[Stored data]
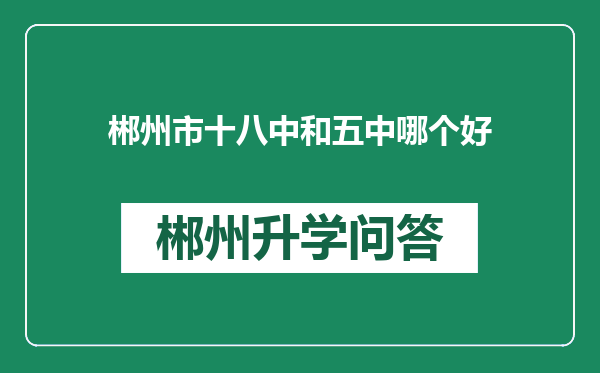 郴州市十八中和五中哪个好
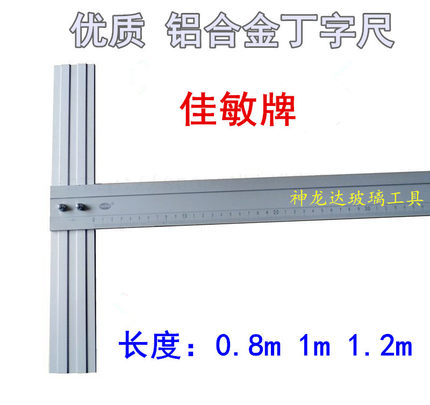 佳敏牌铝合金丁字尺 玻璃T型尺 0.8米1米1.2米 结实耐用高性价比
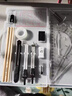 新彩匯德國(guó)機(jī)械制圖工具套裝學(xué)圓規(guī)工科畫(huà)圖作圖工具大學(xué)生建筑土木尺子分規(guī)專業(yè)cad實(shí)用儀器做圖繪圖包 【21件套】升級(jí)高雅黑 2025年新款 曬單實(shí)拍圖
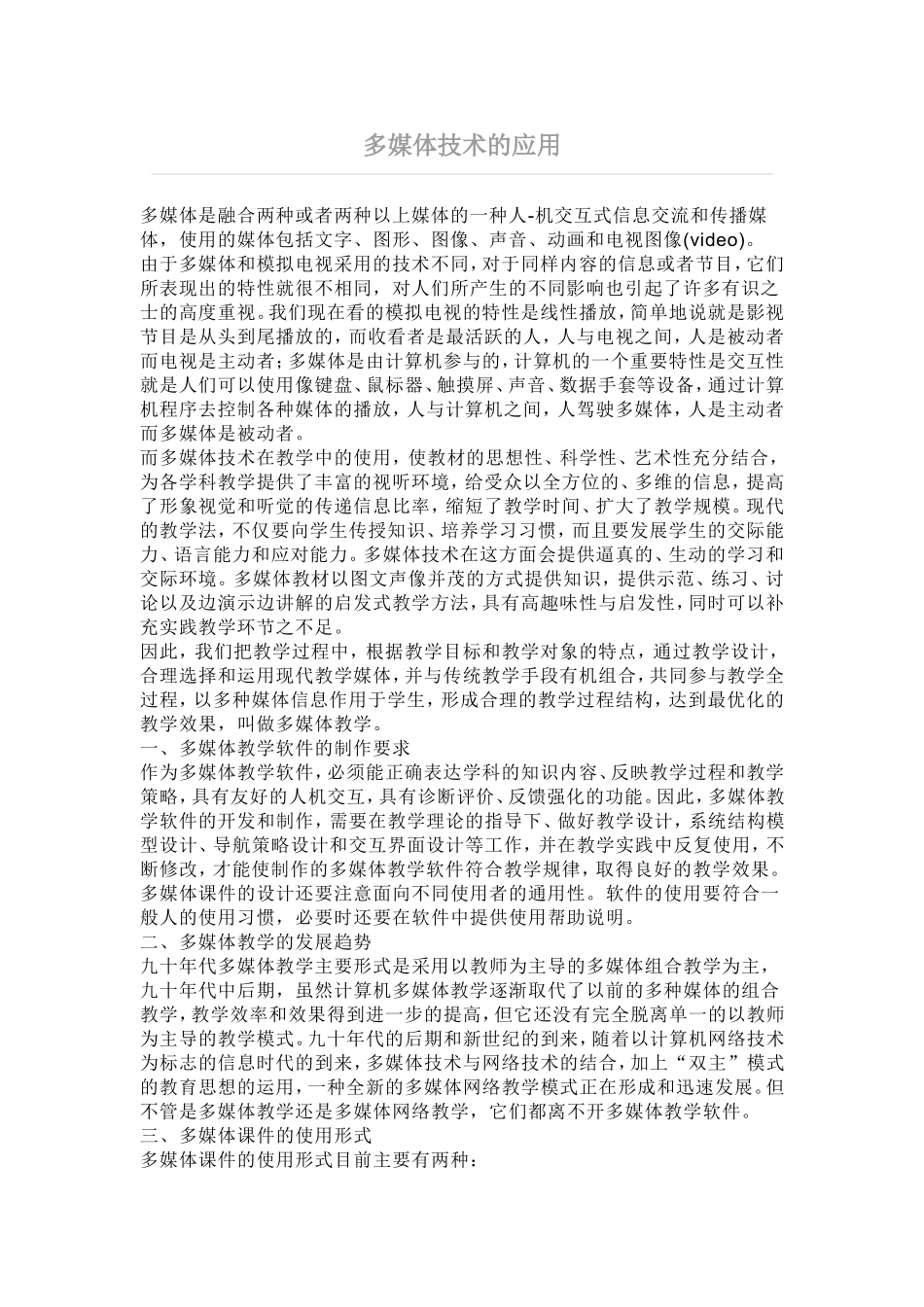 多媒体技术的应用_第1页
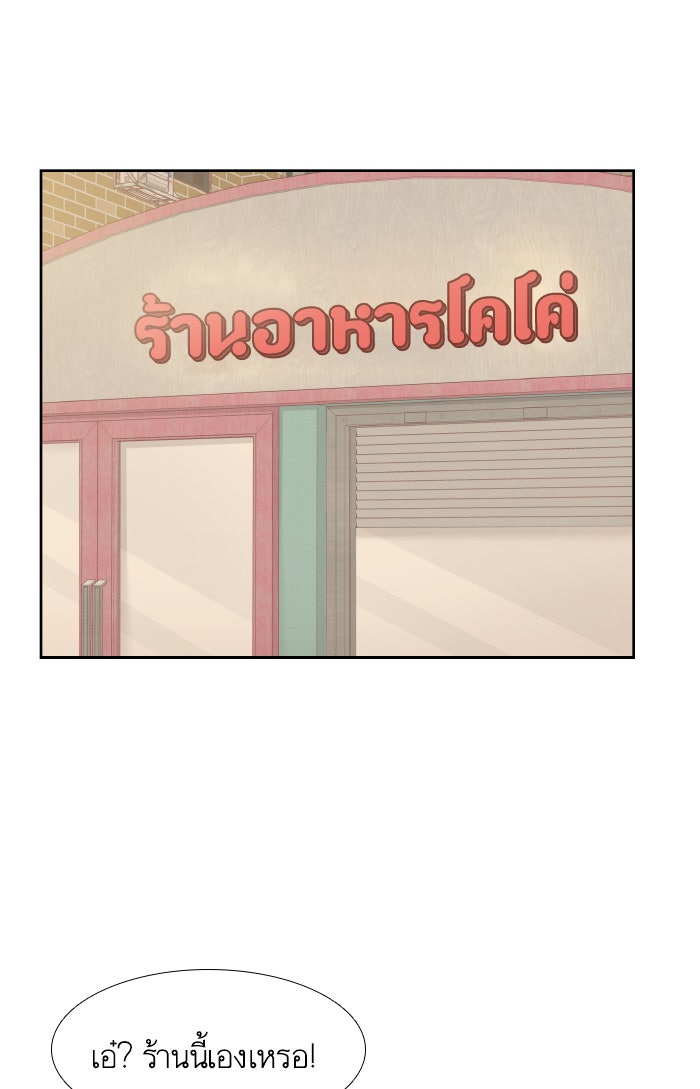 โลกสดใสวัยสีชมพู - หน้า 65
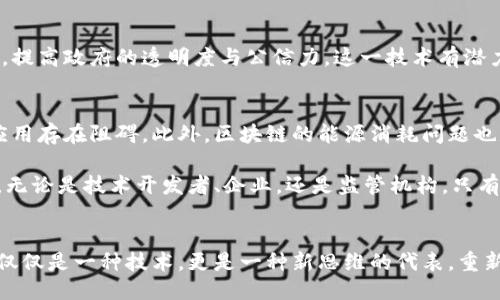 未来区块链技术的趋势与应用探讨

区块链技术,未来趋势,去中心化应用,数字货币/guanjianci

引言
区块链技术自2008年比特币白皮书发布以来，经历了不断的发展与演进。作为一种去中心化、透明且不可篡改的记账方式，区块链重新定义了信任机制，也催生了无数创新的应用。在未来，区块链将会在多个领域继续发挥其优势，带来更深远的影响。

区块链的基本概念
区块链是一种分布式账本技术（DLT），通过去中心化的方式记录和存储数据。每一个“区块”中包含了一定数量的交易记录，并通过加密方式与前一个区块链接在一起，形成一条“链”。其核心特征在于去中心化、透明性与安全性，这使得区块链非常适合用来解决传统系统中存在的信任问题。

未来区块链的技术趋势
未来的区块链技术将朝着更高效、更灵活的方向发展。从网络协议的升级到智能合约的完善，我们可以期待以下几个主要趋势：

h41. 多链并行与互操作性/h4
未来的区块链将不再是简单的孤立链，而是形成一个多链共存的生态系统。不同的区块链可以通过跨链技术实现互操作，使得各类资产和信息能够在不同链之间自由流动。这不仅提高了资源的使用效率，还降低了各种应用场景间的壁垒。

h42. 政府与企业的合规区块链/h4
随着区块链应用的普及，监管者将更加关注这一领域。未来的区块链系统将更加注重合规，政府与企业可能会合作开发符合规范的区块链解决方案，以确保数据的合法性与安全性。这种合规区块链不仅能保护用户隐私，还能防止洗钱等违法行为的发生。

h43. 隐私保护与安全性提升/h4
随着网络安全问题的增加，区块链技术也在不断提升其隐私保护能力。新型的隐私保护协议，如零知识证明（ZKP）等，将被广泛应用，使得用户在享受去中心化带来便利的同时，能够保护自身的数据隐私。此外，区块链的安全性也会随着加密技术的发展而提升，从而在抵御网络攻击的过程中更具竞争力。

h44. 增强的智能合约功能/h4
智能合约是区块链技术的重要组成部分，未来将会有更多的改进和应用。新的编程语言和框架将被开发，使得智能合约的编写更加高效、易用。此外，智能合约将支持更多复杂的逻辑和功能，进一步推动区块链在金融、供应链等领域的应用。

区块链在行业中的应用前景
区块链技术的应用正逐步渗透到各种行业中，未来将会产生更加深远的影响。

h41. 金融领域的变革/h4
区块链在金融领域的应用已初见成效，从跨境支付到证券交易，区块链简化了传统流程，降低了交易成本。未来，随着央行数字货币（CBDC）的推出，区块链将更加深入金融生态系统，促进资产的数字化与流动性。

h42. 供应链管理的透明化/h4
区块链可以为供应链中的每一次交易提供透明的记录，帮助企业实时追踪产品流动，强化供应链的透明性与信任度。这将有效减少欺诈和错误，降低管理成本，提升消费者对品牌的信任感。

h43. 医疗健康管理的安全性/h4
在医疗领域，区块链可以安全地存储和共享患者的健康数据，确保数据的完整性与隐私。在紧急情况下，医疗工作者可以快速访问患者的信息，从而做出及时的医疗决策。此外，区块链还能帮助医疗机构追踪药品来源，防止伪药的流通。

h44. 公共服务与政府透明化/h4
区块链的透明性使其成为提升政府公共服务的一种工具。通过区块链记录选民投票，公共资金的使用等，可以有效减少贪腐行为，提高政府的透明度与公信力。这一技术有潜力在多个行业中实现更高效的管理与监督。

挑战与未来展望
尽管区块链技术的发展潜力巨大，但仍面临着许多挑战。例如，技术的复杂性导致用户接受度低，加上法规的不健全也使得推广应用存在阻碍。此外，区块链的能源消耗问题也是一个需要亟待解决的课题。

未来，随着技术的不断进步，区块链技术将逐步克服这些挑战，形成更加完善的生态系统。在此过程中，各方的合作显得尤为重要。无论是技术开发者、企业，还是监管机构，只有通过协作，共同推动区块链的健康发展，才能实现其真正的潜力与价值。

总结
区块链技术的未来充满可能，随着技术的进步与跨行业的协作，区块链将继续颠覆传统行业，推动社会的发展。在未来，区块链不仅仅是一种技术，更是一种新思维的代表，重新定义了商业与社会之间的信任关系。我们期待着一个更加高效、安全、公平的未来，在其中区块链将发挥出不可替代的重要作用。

-- TASK GOAL --
Copy these entries precisely and drop any picture.

-- WRITTEN RESPONSE --
 郴州市十八中和五中哪个好
 佳敏牌铝合金丁字尺 玻璃T型尺 0.8米1米1.2米 结实耐用高性价比
 新彩匯德國(guó)機(jī)械制圖工具套裝學(xué)圓規(guī)工科畫(huà)圖作圖工具大學(xué)生建筑土木尺子分規(guī)專業(yè)cad實(shí)用儀器做圖繪圖包 【21件套】升級(jí)高雅黑 2025年新款 曬單實(shí)拍圖
 多媒体技术的应用_第1页
 โลกสดใสวัยสีชมพู - หน้า 65
 未来区块链技术的趋势与应用探讨

区块链技术,未来趋势,去中心化应用,数字货币/guanjianci

引言
区块链技术自2008年比特币白皮书发布以来，经历了不断的发展与演进。作为一种去中心化、透明且不可篡改的记账方式，区块链重新定义了信任机制，也催生了无数创新的应用。在未来，区块链将会在多个领域继续发挥其优势，带来更深远的影响。

区块链的基本概念
区块链是一种分布式账本技术（DLT），通过去中心化的方式记录和存储数据。每一个“区块”中包含了一定数量的交易记录，并通过加密方式与前一个区块链接在一起，形成一条“链”。其核心特征在于去中心化、透明性与安全性，这使得区块链非常适合用来解决传统系统中存在的信任问题。

未来区块链的技术趋势
未来的区块链技术将朝着更高效、更灵活的方向发展。从网络协议的升级到智能合约的完善，我们可以期待以下几个主要趋势：

h41. 多链并行与互操作性/h4
未来的区块链将不再是简单的孤立链，而是形成一个多链共存的生态系统。不同的区块链可以通过跨链技术实现互操作，使得各类资产和信息能够在不同链之间自由流动。这不仅提高了资源的使用效率，还降低了各种应用场景间的壁垒。

h42. 政府与企业的合规区块链/h4
随着区块链应用的普及，监管者将更加关注这一领域。未来的区块链系统将更加注重合规，政府与企业可能会合作开发符合规范的区块链解决方案，以确保数据的合法性与安全性。这种合规区块链不仅能保护用户隐私，还能防止洗钱等违法行为的发生。

h43. 隐私保护与安全性提升/h4
随着网络安全问题的增加，区块链技术也在不断提升其隐私保护能力。新型的隐私保护协议，如零知识证明（ZKP）等，将被广泛应用，使得用户在享受去中心化带来便利的同时，能够保护自身的数据隐私。此外，区块链的安全性也会随着加密技术的发展而提升，从而在抵御网络攻击的过程中更具竞争力。

h44. 增强的智能合约功能/h4
智能合约是区块链技术的重要组成部分，未来将会有更多的改进和应用。新的编程语言和框架将被开发，使得智能合约的编写更加高效、易用。此外，智能合约将支持更多复杂的逻辑和功能，进一步推动区块链在金融、供应链等领域的应用。

区块链在行业中的应用前景
区块链技术的应用正逐步渗透到各种行业中，未来将会产生更加深远的影响。

h41. 金融领域的变革/h4
区块链在金融领域的应用已初见成效，从跨境支付到证券交易，区块链简化了传统流程，降低了交易成本。未来，随着央行数字货币（CBDC）的推出，区块链将更加深入金融生态系统，促进资产的数字化与流动性。

h42. 供应链管理的透明化/h4
区块链可以为供应链中的每一次交易提供透明的记录，帮助企业实时追踪产品流动，强化供应链的透明性与信任度。这将有效减少欺诈和错误，降低管理成本，提升消费者对品牌的信任感。

h43. 医疗健康管理的安全性/h4
在医疗领域，区块链可以安全地存储和共享患者的健康数据，确保数据的完整性与隐私。在紧急情况下，医疗工作者可以快速访问患者的信息，从而做出及时的医疗决策。此外，区块链还能帮助医疗机构追踪药品来源，防止伪药的流通。

h44. 公共服务与政府透明化/h4
区块链的透明性使其成为提升政府公共服务的一种工具。通过区块链记录选民投票，公共资金的使用等，可以有效减少贪腐行为，提高政府的透明度与公信力。这一技术有潜力在多个行业中实现更高效的管理与监督。

挑战与未来展望
尽管区块链技术的发展潜力巨大，但仍面临着许多挑战。例如，技术的复杂性导致用户接受度低，加上法规的不健全也使得推广应用存在阻碍。此外，区块链的能源消耗问题也是一个需要亟待解决的课题。

未来，随着技术的不断进步，区块链技术将逐步克服这些挑战，形成更加完善的生态系统。在此过程中，各方的合作显得尤为重要。无论是技术开发者、企业，还是监管机构，只有通过协作，共同推动区块链的健康发展，才能实现其真正的潜力与价值。

总结
区块链技术的未来充满可能，随着技术的进步与跨行业的协作，区块链将继续颠覆传统行业，推动社会的发展。在未来，区块链不仅仅是一种技术，更是一种新思维的代表，重新定义了商业与社会之间的信任关系。我们期待着一个更加高效、安全、公平的未来，在其中区块链将发挥出不可替代的重要作用。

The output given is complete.